What actually won: Underground

This was a great year for French cinema, but Jeanne Moreau's jury preferred Kusturica's Underground when it came to handing out the prizes. That's a shame, because this was the year that saw Jean-Pierre Jeunet produce his trippy City of Lost Children as well as Matthieu Kassovitz's La Haine, probably the most deserving winner and one which mixes social realism with a cinematic flair for beauty in the most unexpected places. And heck, we're not even arguing for the best American film of that year, Tim Burton's Ed Wood - probably the director's most successful artistic endeavour to date.

What should have won: Fitzcarraldo

What actually won: Missing / The Way

There was a draw in 1982 - between Costa-Gavras' Missing and Serif Gonen and Yilmaz Guney's The Way - but neither has lingered in the popular imagination like Werner Herzog's Fitzcarraldo, a film about madness that very nearly drove everyone involved in it insane as a bonus. For the story of Fitzcarraldo's determination to build an opera house in the jungles of Peru, Herzog forged through natural disasters, plane crashes, deaths, injuries, arson and illness to make it. Surely that deserved the Palme d'Or?

What should have won: La Grande Bouffe

What actually won: The Hireline / Scarecrow

La Grande Bouffe is something of a cult classic, the story of four men, three prostitutes and a schoolteacher who go away to a house in the country to eat themselves to death. Marco Ferreri's black comedy, however, lost out on the big prize at Cannes to Jerry Schatzberg's Scarecrow and Alan Bridges' The Hireling, neither of which ended up making much of a dent on the public consciousness, and neither of which featured nearly as much gluttony.

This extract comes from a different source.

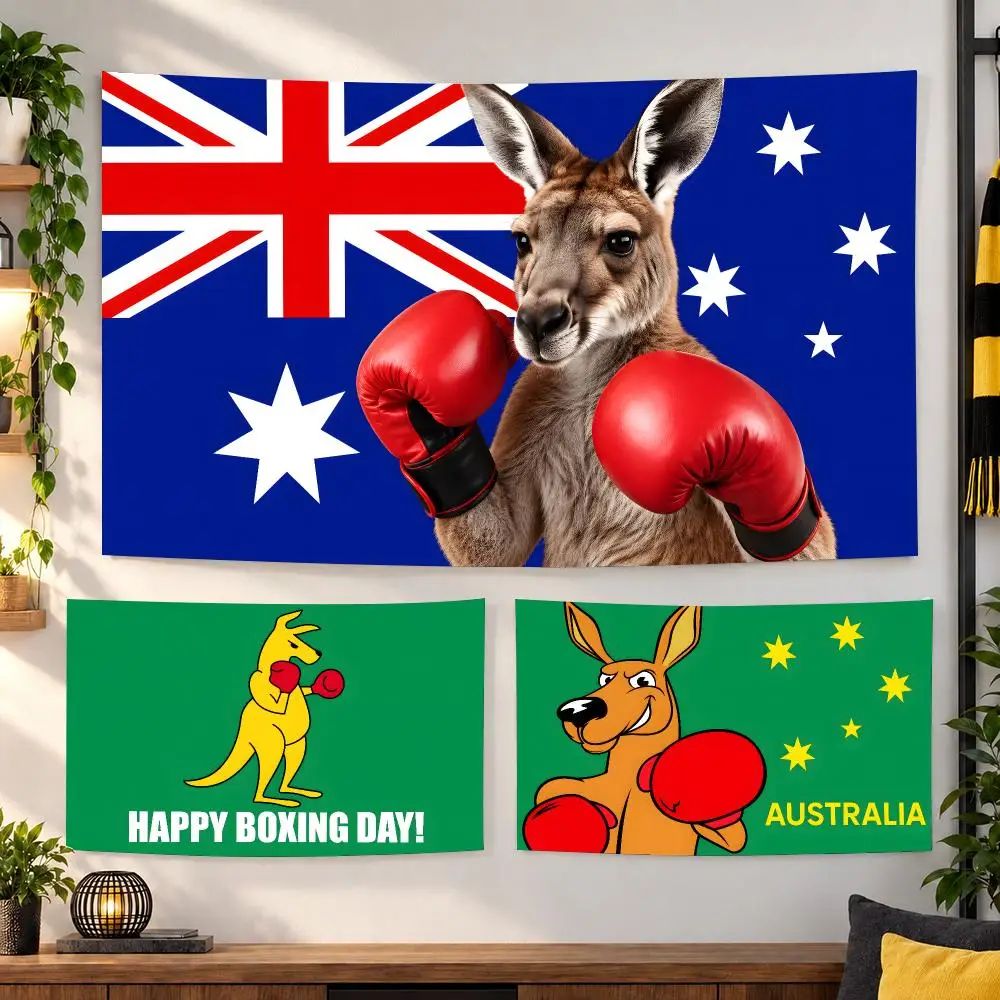 Australia Boxing Kangaroo Tapestry Wall Decoration Suitable For Living Room Bedroom Study Party Home Decor Gift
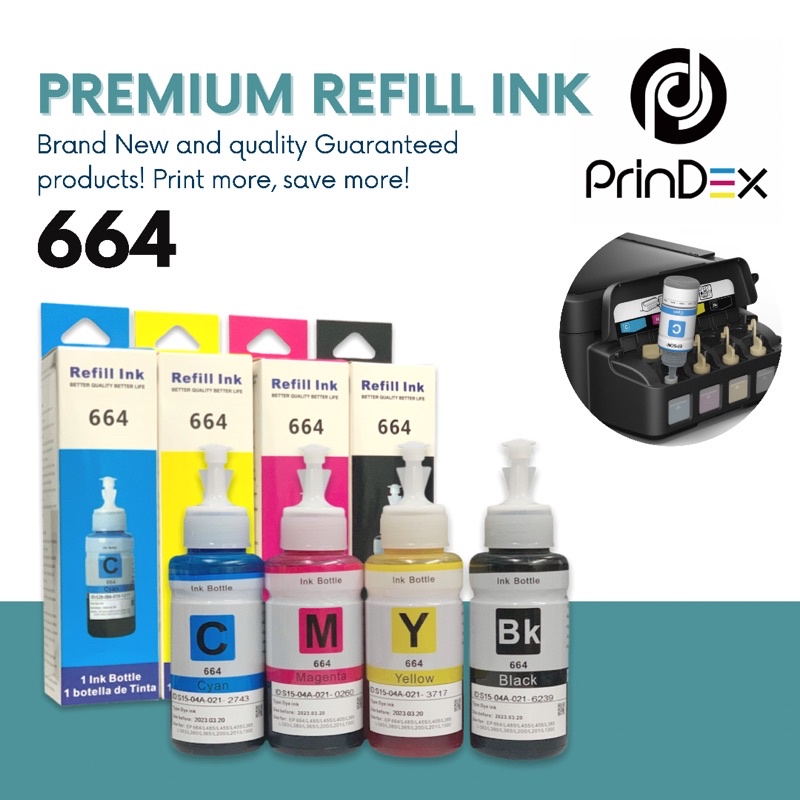 Premium T664 664 Compatible Ink Dye Ink Refill Ink Continues Ink For Epson L110 L120 L360 L210 7943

What should have won: Doctor Zhivago

What actually won: Un Homme Et Une Femme / Signore & Signori

Another year where two films shared the Palme d'Or, and neither of them was the most enduring or powerful of the Festival. Italian satire Signore & Signori and Claude Lelouch's romantic drama Un Homme Et Une Femme beat David Lean's Doctor Zhivago to the prize - and in fact Lean's film went home entirely empty-handed. We have to assume that the Cannes jury that year, led by Sophia Loren, got a giggle from giving the prize to two films with similar titles: in English, they translate literally to Ladies and Gentlemen and A Man and A Woman.

What should have won: All About Eve

What actually won: Miss Julie / Miracle In Milan

There was a tie in 1951 between Swedish film Froken Julie (Miss Julie) and Miracle In Milan. They're both exceptionally fine films - but also in the competition was the superb All About Eve, which had to make do with the Jury Prize and Best Actress for Bette Davis. With A Place In The Sun, Powell and Pressburger's The Tales of Hoffman and Luis Luis Buñuel's Los Olvidados also in competition, there's no doubt that it was a stellar year - but Mankiewicz's film should still have won.